■ TASK INSTRUCTIONS: Reproduce the full listing below unchanged, apart from the pictures.

■ INPUT DATA:

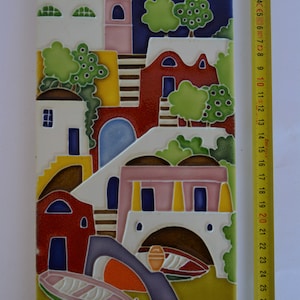 Écriteaux numéros et lettres. Carreaux céramique peints à la main avec Écriteaux numéros et lettres. Carreaux céramique peints à la main avec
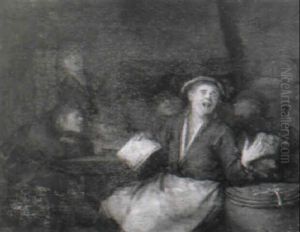Peasants Singing In A Tavern Interior by Egbert Van Heemskerck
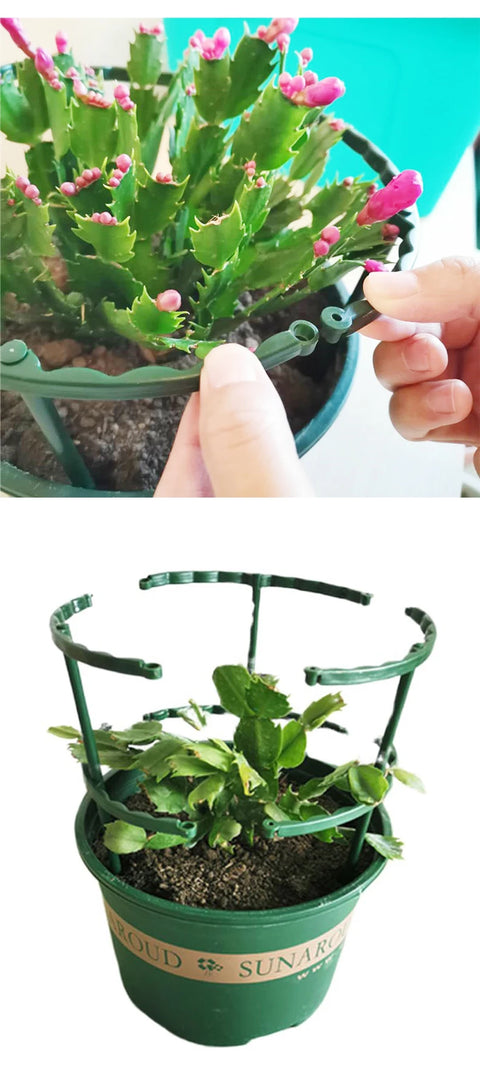 Suporte para plantas de jardim gaiola plie flor suporte de plástico semicírculo casa verde pomar haste de fixação ferramenta de jardinagem bonsai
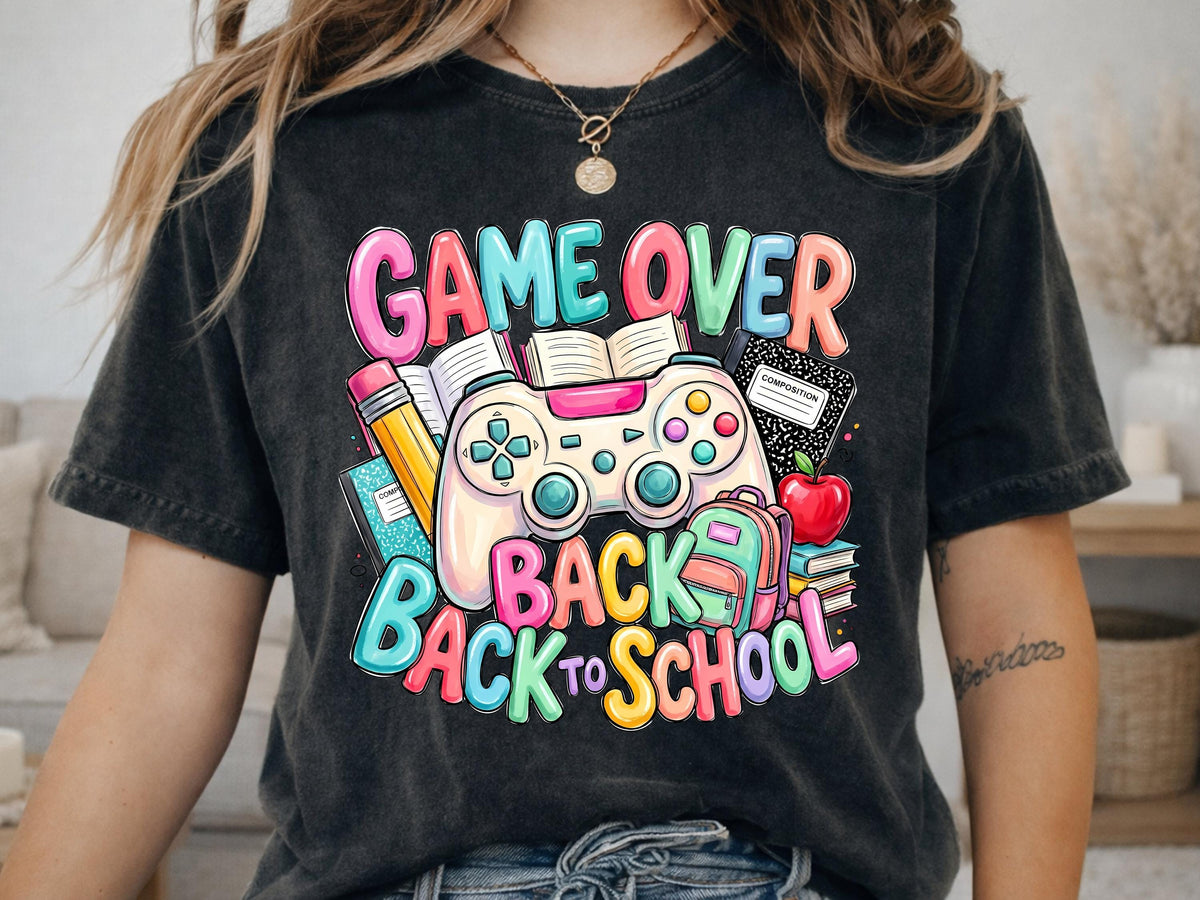 Comfort Colors® Game Over Back to School Gamer Shirt, Student Teacher First Day Graphic Gift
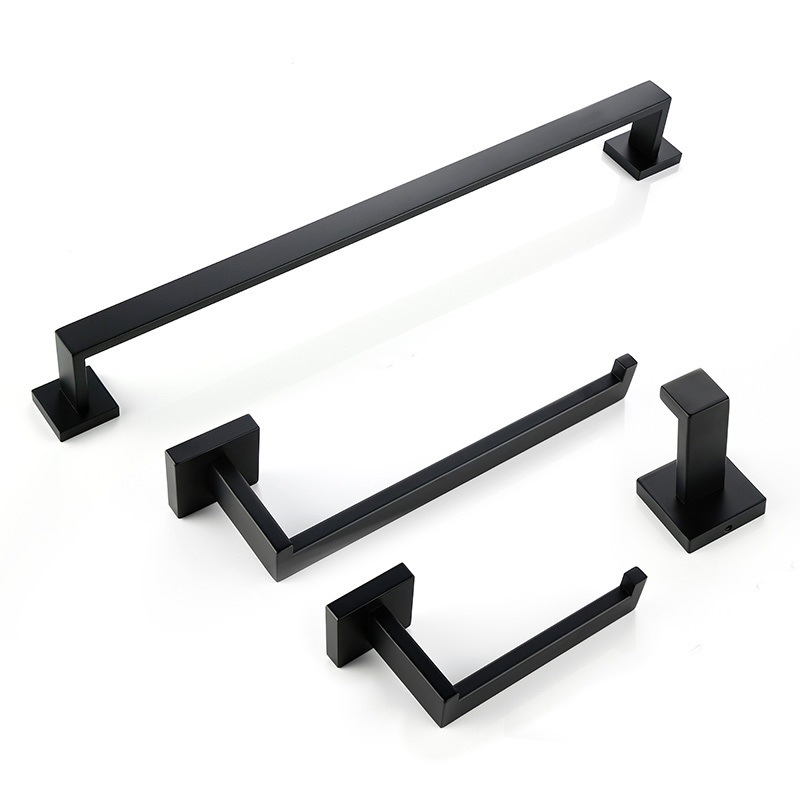 304 Stainless Steel Bathroom Accessories Sets Wall Mount Square Set for Hotel Am02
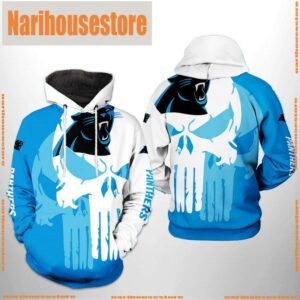 NFL Carolina Panthers Team Skull 3D Printed Hoodie Shirt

■ RESPONSE TO THIS EXERCISE:
 Écriteaux numéros et lettres. Carreaux céramique peints à la main avec Écriteaux numéros et lettres. Carreaux céramique peints à la main avec
Peasants Singing In A Tavern Interior by Egbert Van Heemskerck
 Suporte para plantas de jardim gaiola plie flor suporte de plástico semicírculo casa verde pomar haste de fixação ferramenta de jardinagem bonsai
 Comfort Colors® Game Over Back to School Gamer Shirt, Student Teacher First Day Graphic Gift
 304 Stainless Steel Bathroom Accessories Sets Wall Mount Square Set for Hotel Am02
 NFL Carolina Panthers Team Skull 3D Printed Hoodie Shirt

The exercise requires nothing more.